--- Instructions for the task ---
Your answer should be an exact copy of the lines from the one holding "kitchen with wooden" to the end of the material below, pictures left out.

--- Collected data ---
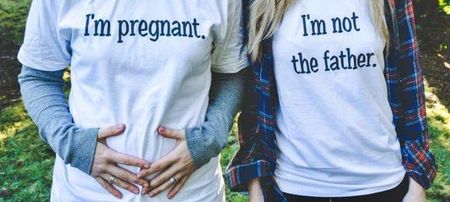 This couple ROCKED the T-shirt baby announcement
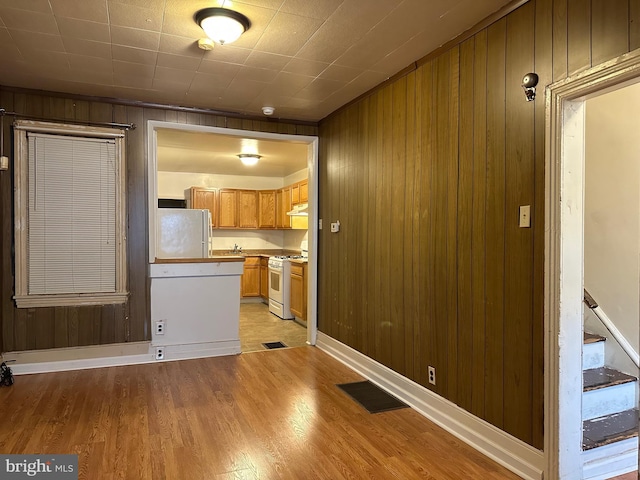 kitchen with wooden walls, light hardwood / wood-style flooring, and white appliances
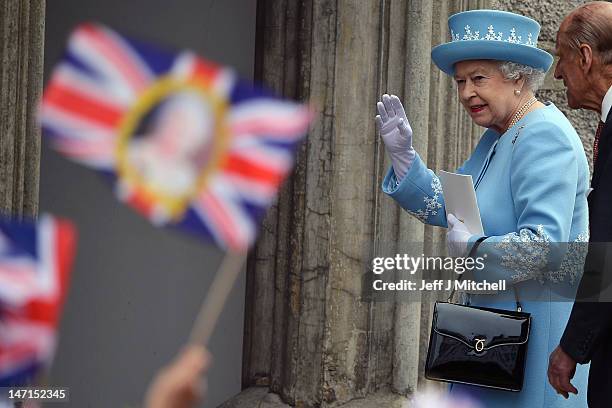 Queen Elizabeth II waves to wellwishers a she and Prince Philip, Duke of Edinburgh visit Macartin's Cathedral on June 26, 2012 in Enniskillen,...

--- Response to this exercise ---
 kitchen with wooden walls, light hardwood / wood-style flooring, and white appliances
 Queen Elizabeth II waves to wellwishers a she and Prince Philip, Duke of Edinburgh visit Macartin's Cathedral on June 26, 2012 in Enniskillen,...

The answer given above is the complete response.